Glauchaer sprechen mit einer Stimme

von 20. Juni 2009

(ens) 42 Prozent unsanierte Wohnungen, 25 Prozent Leerstand: das Glauchaviertel unweit des Stadtzentrums ist eines der Problemviertel in Halle (Saale). Die jahrelange Verwahrlosung vieler Häuser ist unübersehbar. Hauptproblem vor allem: es gibt viele Eigentümer. Neben Wohnungsgesellschaften und wenigen Privateigentümern vor Ort sitzt eine Vielzahl der Besitzer in Westen Deutschlands oder gar im Ausland. Noch problematischer wird es, wenn Erbengemeinschaften ins Spiel kommen und diese untereinander nicht kommunizieren.

Doch die einstige Amtsstadt Glaucha, später Arbeiterviertel, soll aus ihrem Dornröschenschlaf geweckt werden. Im Rahmen der Internationalen Bauausstellung IBA 2010 ist Glaucha eines der Handlungsfelder von Halle.

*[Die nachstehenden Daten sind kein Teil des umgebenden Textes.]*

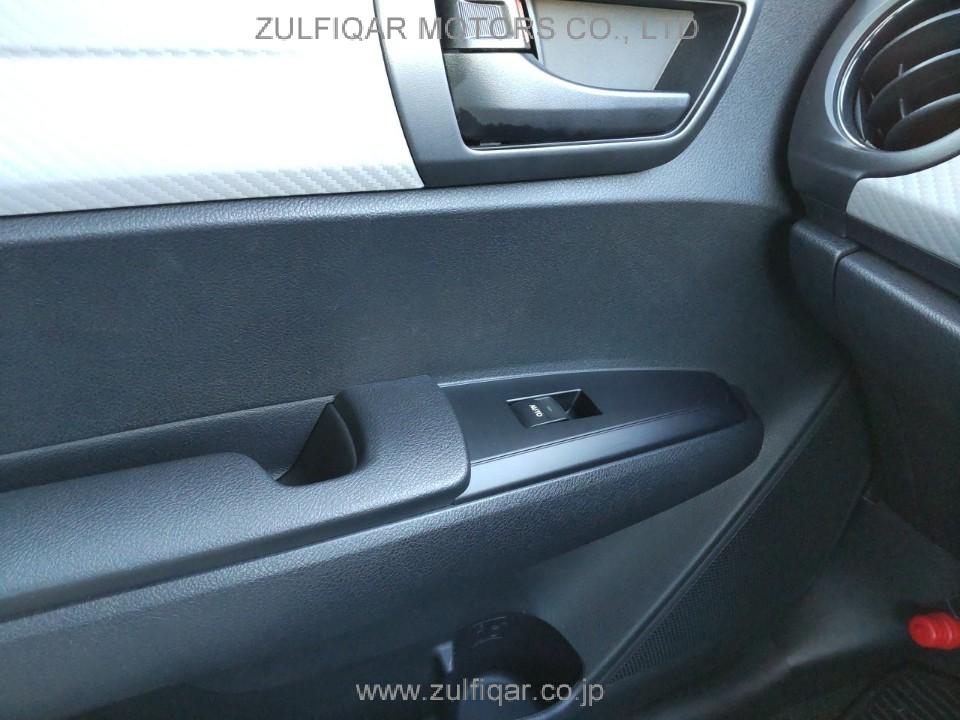 TOYOTA COROLLA AXIO 2014 Image 12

Und auch wenn mit gerade einmal 100.000 Euro im Vergleich zu anderen IBA-Projekten das wenigste Geld ins Viertel fließt, hat sich in den vergangenen Monaten – auch Dank Eigentümermoderator Gernot Lindemann – einiges getan. Denn Lindemanns Aufgabe ist es, Kontakt mit den unterschiedlichen Eigentümern aufzusehen. Bei 35 Hausbesitzern ist ihm das bereits gelungen.

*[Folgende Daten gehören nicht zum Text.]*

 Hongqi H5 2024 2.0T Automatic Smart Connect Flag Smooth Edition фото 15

Wichtig war es ihm und den IBA-Mitstreitern, alle Akteure an einen Tisch zu holen um Ideen für eine Zukunft von Glaucha zu finden. Schnell stellte sich heraus, das die einzelnen Eigentümer allein kaum etwas bewirken können, vielfach in der Verwaltung abblitzen. Einen Vorteil haben da die großen Wohnungsgesellschaften mit ihren Plattenbauvierteln – sie sprechen mit einer Stimme. Doch nun wollen auch die Eigentümer der Glaucha-Häuser aktiv mitmischen und ihre Interessen durchsetzen. 17 Hausbesitzer, Mieter und auch Vereine des Viertels haben deshalb am Samstagabend die “Standortgemeinschaft Glaucha e.V.” gegründet. Zum Vorsitzenden wurde der Student Alexander Hempel gewählt, Hausbesitzer Chris Bartlog wurde sein Stellvertreter. Antje Heuer von Karo Architekten wurde zur Schriftführerin bestellt, Jan Wioland wird Kassierer und Gernot Lindemann fungiert als Pressesprecher.

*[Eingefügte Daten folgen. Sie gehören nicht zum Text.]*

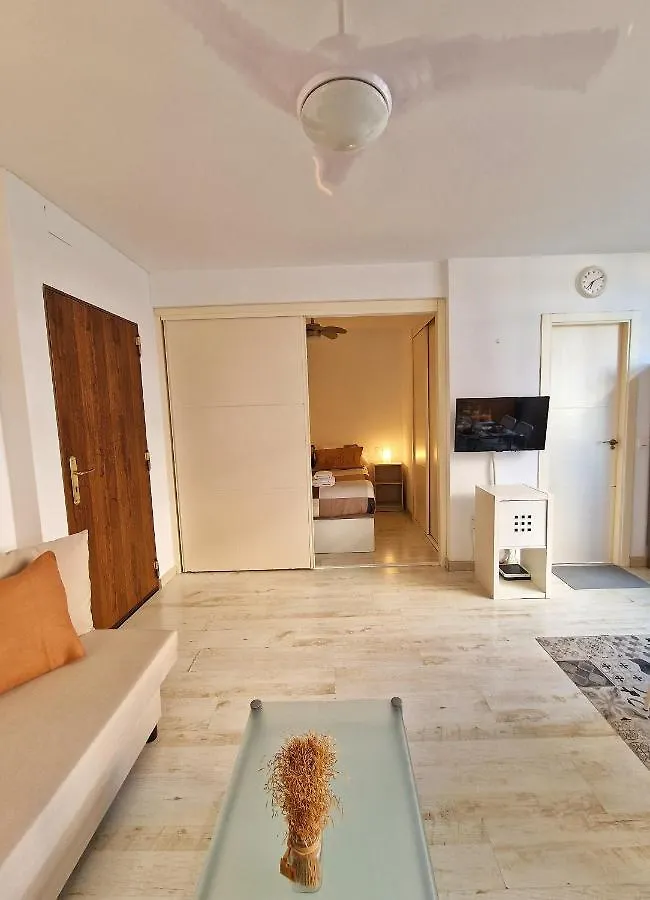 Apartamento Confortable Apartamento En El Centro De Torremolinos Con Parking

“Wir haben ein Gerüst für die losen Strukturen gesucht”, begründete Alexander Hempel den Schritt der Gründung. Mit dem Verein gebe es nun für die Stadt einen konkreten Ansprechpartner und nicht zig verschiedene. “Wir sind eine Sammelstelle all deren, die ein Glaucha wohnen, leben und arbeiten”, so Hempel. Für mindestens 1 Euro Monatsbeitrag kann jeder Glauchaer dem Verein beitreten. Auch die Hallesche Wohnungsgesellschaft HWG – mit 79 Häuser der größte Eigentümer – und die Sparkasse wollen sich im Verein engagieren.

Sozialdezernent Tobias Kogge, der die Glückwünsche der Stadt überbrachte, erinnerte in seinem Grußwort daran, dass Glaucha kein vergessenes Viertel sei. “Wenn es Zukunftsorte gibt, dann Glaucha”, so Kogge, der selbst im Stadtteil wohnt. Das Viertel sein bei der Sozial-, Stadt, Kita- und Schulplanung im Fokus. “Mit dem Cantor-Gymnasium haben wir Ihnen die mathematische Elite ins Viertel geholt.” Kogge machte im Vorfeld den zahlreich anwesenden Interessierten mut zum Schritt der Vereinsführung. “Nutzen Sie jetzt die Möglichkeit, gemeinsam zu kämpfen und zu gestalten.”